(Data):
___

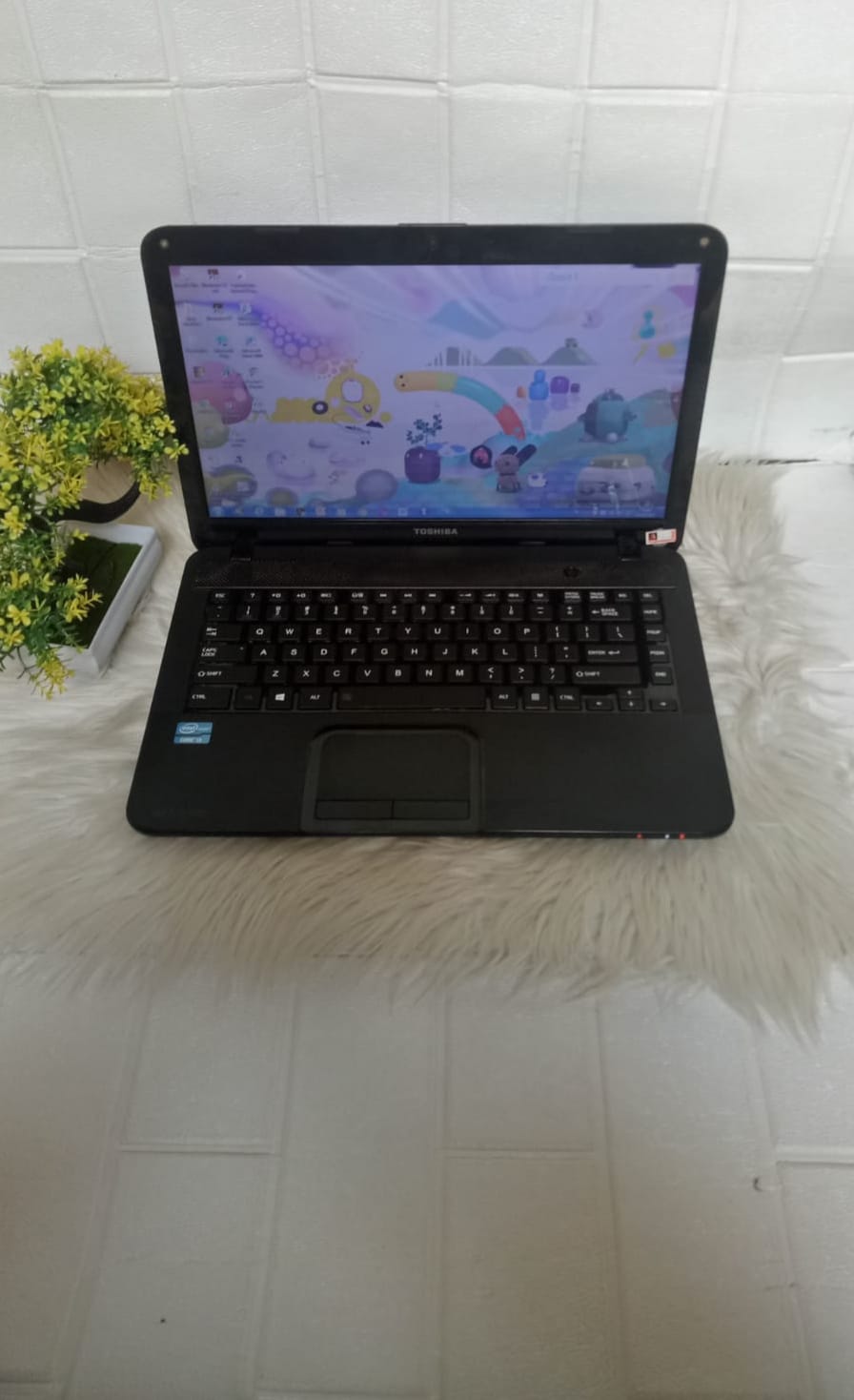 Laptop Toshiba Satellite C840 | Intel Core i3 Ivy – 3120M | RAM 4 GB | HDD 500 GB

___

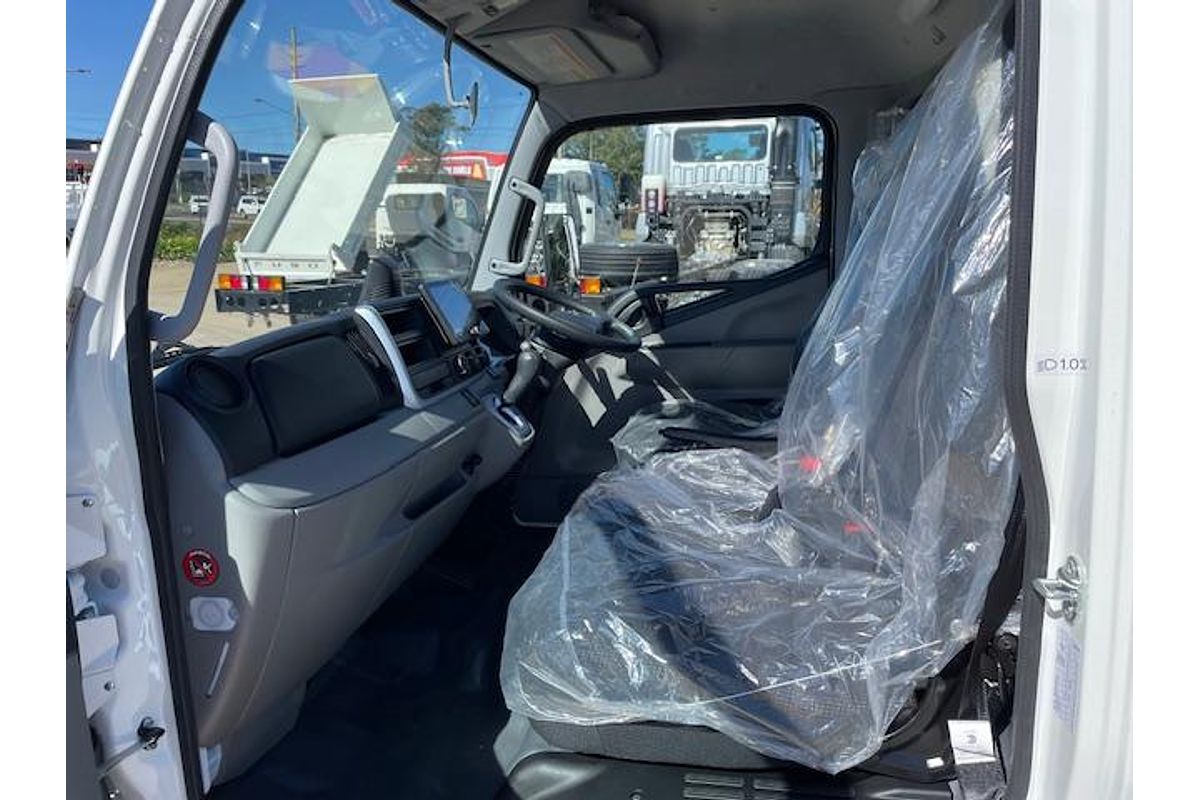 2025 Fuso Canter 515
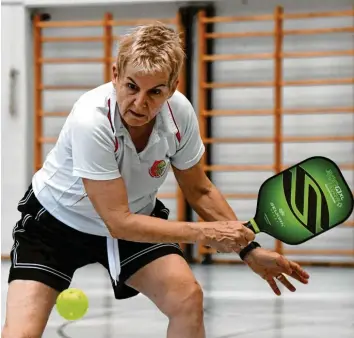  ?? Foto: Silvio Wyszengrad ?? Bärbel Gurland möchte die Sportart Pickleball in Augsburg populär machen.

___

(Task objective): Copy out exactly the lines above beginning with the line that contains "2025 Fuso Canter 515" and finishing with the line that contains "Augsburg populär machen.", including both; leave the pictures out.

(Finished task):
 2025 Fuso Canter 515
  ?? Foto: Silvio Wyszengrad ?? Bärbel Gurland möchte die Sportart Pickleball in Augsburg populär machen.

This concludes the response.